Spotify is close to having 100 million users, with 30 million of them being subscribers who pay for the ad-free service. By comparison, Apple Music, which launched last year, has 13 million paying subscribers. Still, Spotify is searching for a way to boost revenues.
For more on this, The Frame interviewed Matthias Verbegt, staff writer for the Wall Street Journal, who covers Spotify from Stockholm, where the company is based. He gave The Frame an overview of how the streaming platform is doing financially.
Given its large advantage, is Spotify profitable, or are they following the Amazon model of spending a lot on content acquisition and marketing and growth, and not focused on profits?
Almost 80 percent of all the revenue of more than $2 billion that Spotify earns goes back to the record label and the artists. The negotiating margin for Spotify is pretty thin on this. Yesterday they released the results for 2015 and they had a loss of $193 million, which is seven percent more than the year before. At the same time, for record labels, revenue for streaming is becoming increasingly more important as the sales of physical products like CDs are still going down. So, Spotify, the world's biggest streaming service, and the record labels both need each other.

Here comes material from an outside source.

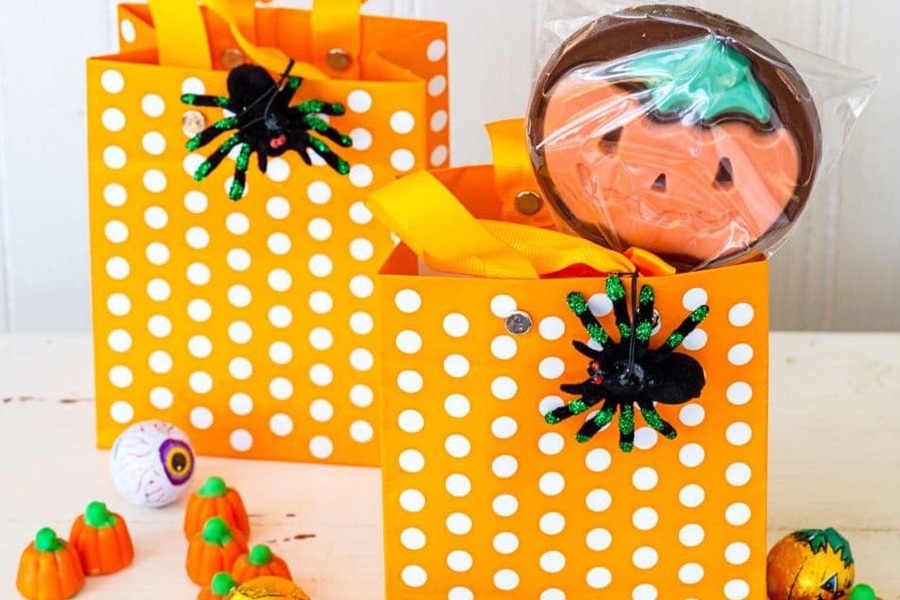 You&rsquo;ve Been BOOed Two Orange Treat Bags Filled with Halloween Treats on an Orange Surface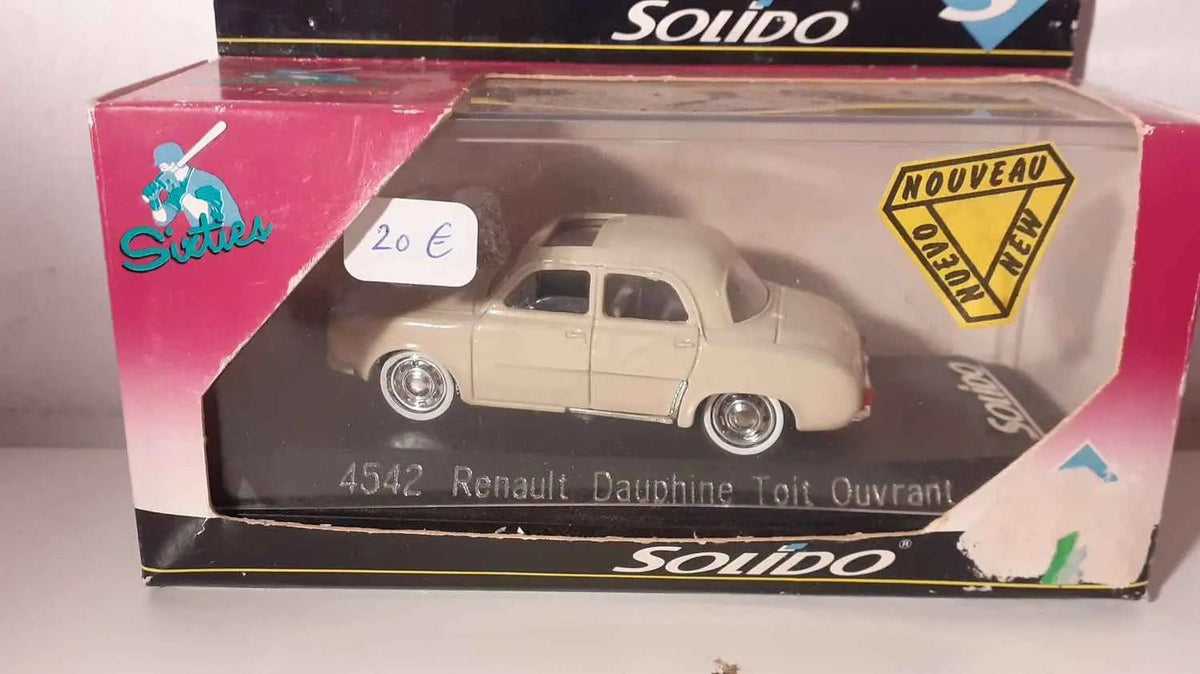 Renault Dauphine avec toit ouvrant de couleur beige foncé/marron clair? (avec boite en carton) Solido référence 4542 Bernard Miniatures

Spotify said in its financial filings that it would continue making investments in developing new products. Any idea what those products could be?
They're investing a lot to do things with the masses of data that they aggregate from all their users. Spotify has been around since 2006 so from its users, it has huge amounts of data of what kind of music they have been listening to. They really try to use that information to provide people with even more tailored services and more suggested music. Also to lure artists to their platform because they can provide artists with huge amounts of data [about] their own fanbase.

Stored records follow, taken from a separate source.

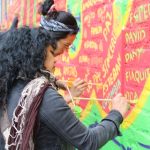 Dos mujeres pintando mural de memoria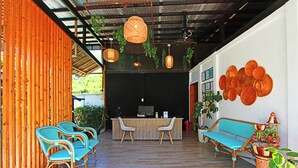 Un área de recepción con un escritorio de madera, dos sillas, un sofá y decoración en la pared.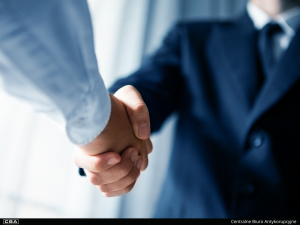 A close-up of two men shaking hands.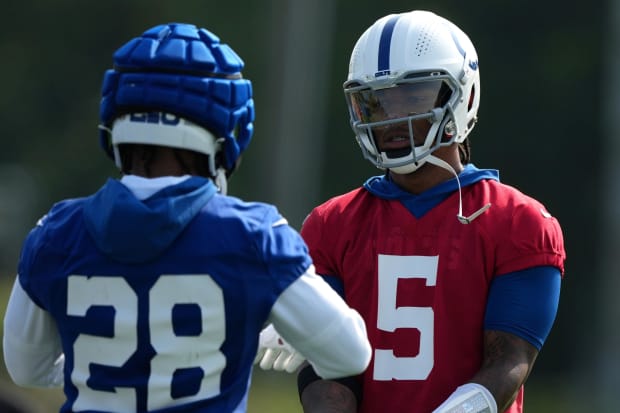 Football players Anthony Richardson and Jonathan Taylor high five at practice wearing red and blue jerseys.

Given how much money Spotify pays to record labels in royalties, is there any way that Spotify could start its own record label or get artists exclusively on Spotify?
Spotify's competitors like Tidal and Apple Music have been trying to lure artists to their platform with exclusive agreements. This is something that Spotify has been a little bit restrained in. They haven't done it to that extent because they are the market leader. Now, since Tidal and Apple are being very aggressive, it may well be that Spotify will begin to look for exclusive agreements with artists as well.
If I'm a recording artist and I'm trying to choose between Spotify, Tidal, Apple Music or Pandora, is there something that any of them can offer me that will make me want to go there? What are those negotiations over?
Tidal has said that it pays the most in royalties to artists, so that's why some artists are going for exclusive deals with them. At the same time, Spotify can offer artists great data and value to see what kind of users they have, what kind of people listen to their music, where they are listening, and where to organize the next concert, where to invest in marketing. That's the advantage of Spotify. Apple has the huge iTunes database and knowledge. They all have their advantages.
What is Spotify's plan to continue to grow?
Spotify is currently available in some 60 countries, which is less than Apple Music. It will definitely be trying to expand to new countries and new markets. At the same time, they're also trying to get more people to subscribe to their paid service, as percent of their revenue comes from paid subscribers. Yesterday they launched a new family plan by which members of one family can listen to ad-free music for $14.99 per month. They're really trying to get people to pay more as they realize that advertisements doesn't bring in that much money.